Here is how Canadian writer Chris Wood, author of Dry Spring: The Coming Water Crisis of North America, describes his rationale for writing such an alarming book:
Atlanta’s drought, California’s fires, Mexico’s flood, Canada’s weird winters year after year… here at last is a book that connects the dots in a lively way between the headlines, the climate science and the forecast for tomorrow and the day after.
When the climate changes, weather changes. And when the weather changes, so does our ultimate source of water. If your lifestyle, your job, your business or your community rely on water—and that’s just about all of us—you need to know what’s in this book.

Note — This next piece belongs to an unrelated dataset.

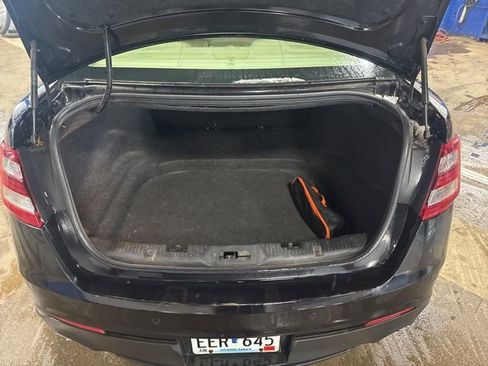 Used 2019 Ford Taurus Limited FWD image 16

Dry Spring spells out the weather forecast for North America and the urgent reasons to begin preparing for the storm just over the horizon. It challenges environmentalist dogma, explaining why today’s leading campaigners for water pose a danger to its future supply. It offers visionary alternatives drawn from working examples around the world and here at home.
In a way, I’ve been writing this book since I was a boy. I grew up half a century ago near a waterfall left over from the continent’s last big climate change—when the ice that covered my Canadian birthplace 12,000 years ago melted. I’ve covered the story off and on for three decades as a working journalist, reporting on catastrophes and conflicts around the world. The final product is the result of close to three years of focused work, scores of interviews, reporting trips to three countries, stacks of scientific reading and the generous help of many people, all to answer just two important questions:
What does ‘climate change’ really mean to us here in the different regions of North America, over the decade just ahead?
What do we need to do in order to be ready for whatever’s coming?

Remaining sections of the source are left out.